Acusados de tirar vida de serra-talhadenses no Ceará não foram julgados

Passados dois anos da tragédia ocorrida em Milagres, na interior do Ceará, os 20 réus acusados de homicídio doloso e fraude processual no caso, ainda não participaram de audiência na Justiça, nem foram pronunciados para julgamento.

Entre os acusados, estão 19 policiais militares que fizeram parte da morte de 14 pessoas – seis reféns e oito assaltantes – durante uma tentativa de assalto a bancos da cidade. O outro acusado é o vice-prefeito do município, réu por ter modificado a cena do crime.

O crime ocorreu no dia 7 de dezembro de 2018, quando uma grupo armada fez seis pessoas reféns e tentou atacar duas agências bancárias do município. Policiais que atenderam a ocorrência trocaram tiros com os bandidos e, de acordo com a denúncia, foram os responsáveis pelos disparos que mataram cinco reféns e oito criminosos.

Além de homicídio, eles são acusados por fraude processual, porque tentaram eliminar as provas da ação. O vice-prefeito do município, Abraão Sampaio de Lacerda, também foi denunciado por fraude.

Os 19 policiais réus apresentaram defesa preliminar. Apenas o vice-prefeito ainda não formalizou o seu posicionamento sobre o ocorrido. Este último disputou o pleito de 2020, mas foi derrotado nas urnas.

O tenente-coronel, Cícero Henrique Beserra Lopes, suspeito de modificar a cena do crime, chegou a solicitar pela suspensão dos efeitos do afastamento imposto pela Controladoria Geral de Disciplina para voltar ao trabalho. Essa foi a última movimentação no processo, mas o Tribunal de Justiça do Ceará negou.

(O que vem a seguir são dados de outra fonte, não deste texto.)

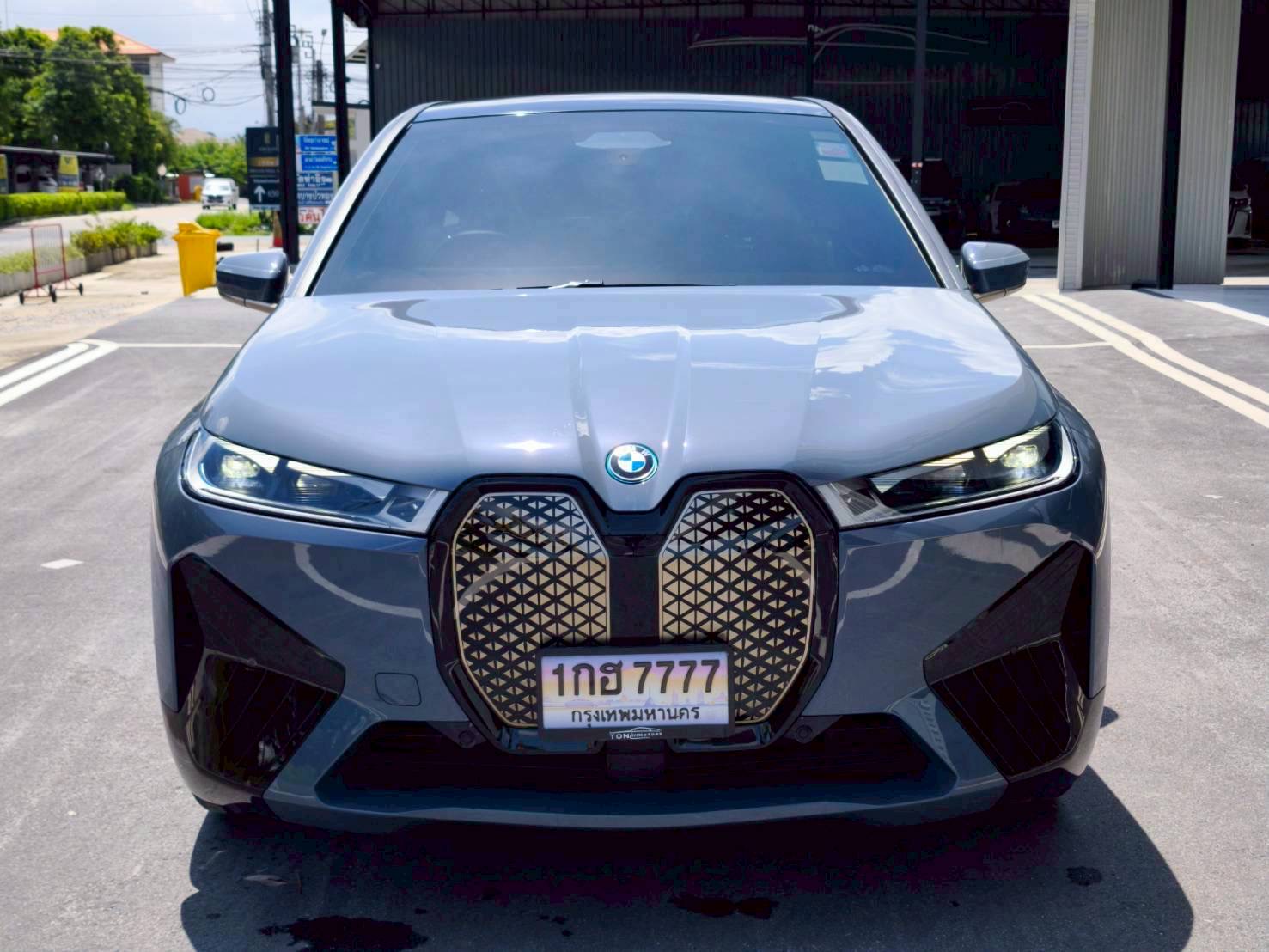 2023 BMW iX i20 สีเทา (รูปที่ 7)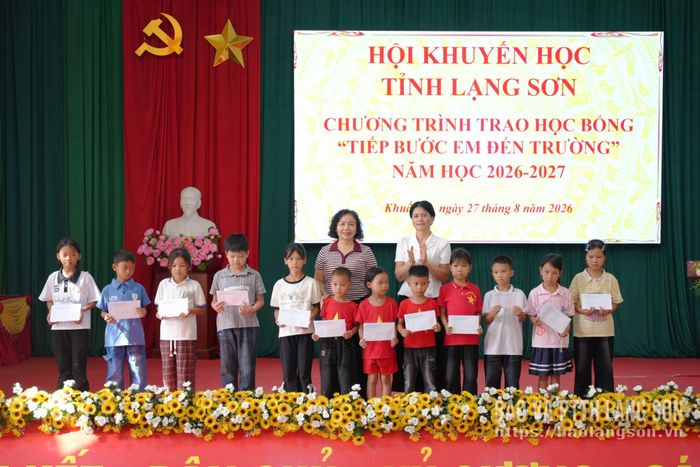 Lãnh đạo Hội Khuyến học tỉnh trao học bổng cho các em học sinh có hoàn cảnh khó khăn trên địa bàn xã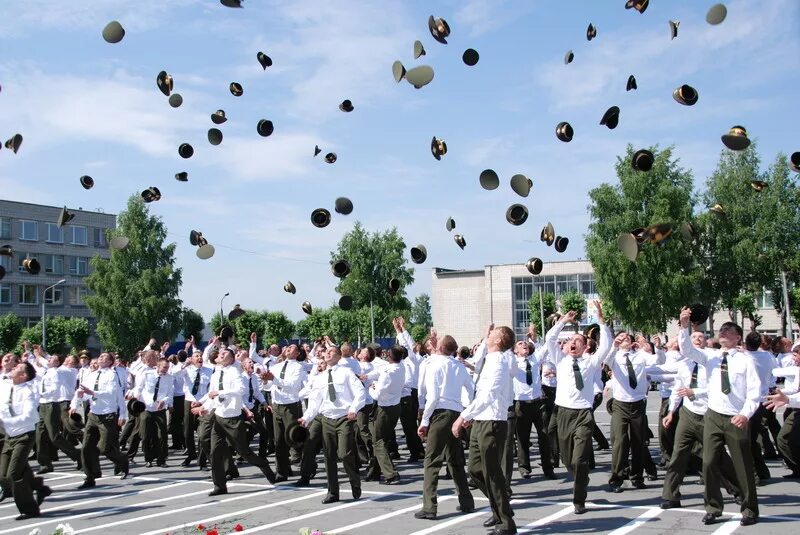 Нввку вв мвд рф. НВИ Новосибирский военный институт. Новосибирский военный институт внутренних войск МВД РФ. Институт войск национальной гвардии Новосибирск. Новосибирский институт внутренних войск Яковлева.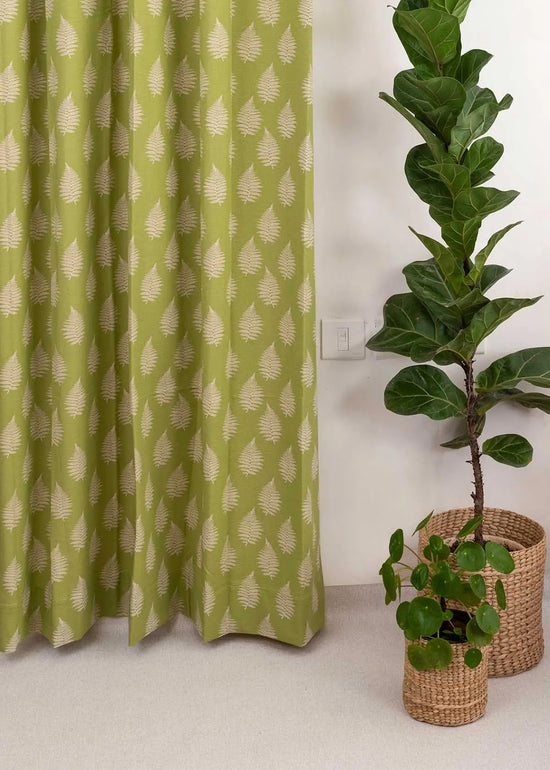 Ferns 100% cotton floral curtain for living room - Room darkening - Green - Pack of 1-230423027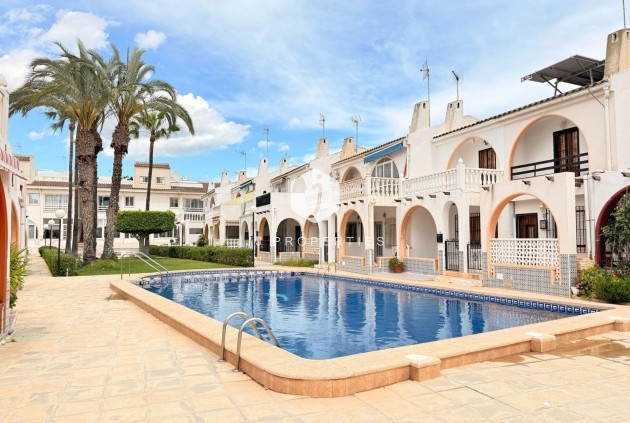 Chalet - D'occasion - Torrevieja -
                El chaparral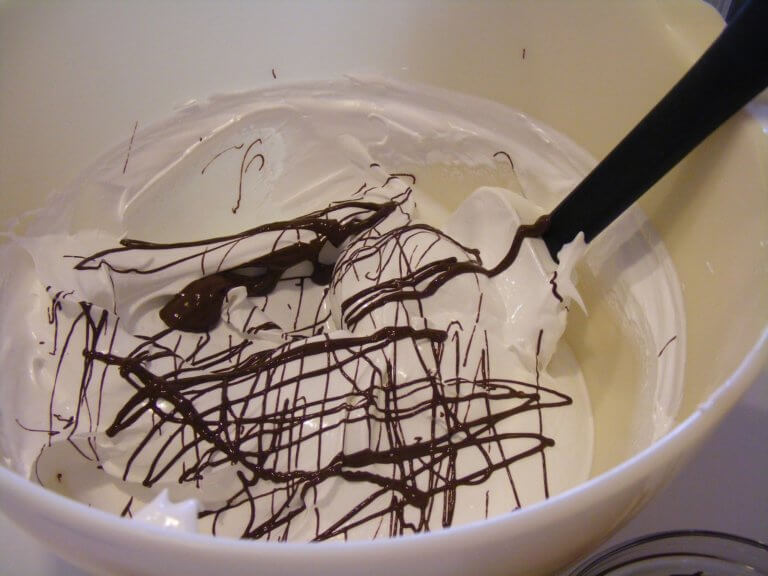 Comment préparer les Meringues Marbrées au Chocolat etape 2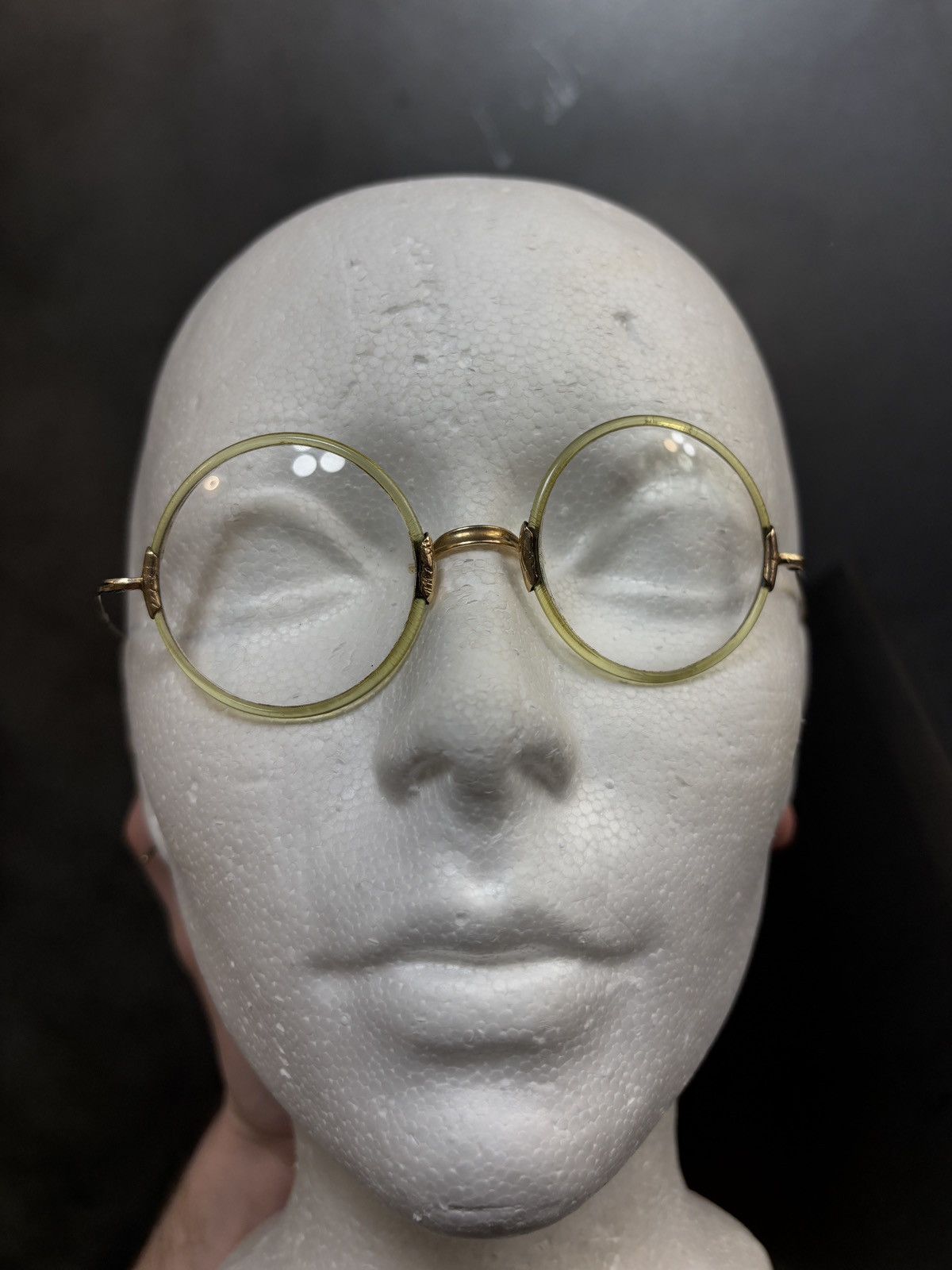Shuron Antique Eyeglasses 1910s Shur-On Optical Gold F Round Frames Size ONE SIZE - 16 Thumbnail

O Tribunal de Justiça do Ceará (TJCE) apontou através de uma nota a “complexidade do processo”, que tem mais de 3 mil páginas, como justificativa.

Para o TJ, “apenas após a apreciação de todos os recursos cabíveis, se for mantido e decidido que o processo deverá seguir para a competência do Tribunal de Júri, o Juízo da Vara Única de Milagres irá deliberar por pronunciar os réus ou proferir outra decisão cabível conforme a prova produzida sob o crivo do devido processo legal, ampla defesa e do contraditório”.

Esperança de julgamento

Dos seis reféns que foram assassinados, cinco eram da mesma família. Para Cláudia Magalhães, viúva de João Magalhães e mãe de Vinicíus, mortos na tragédia, a esperança é que o processo seja julgado em 2021.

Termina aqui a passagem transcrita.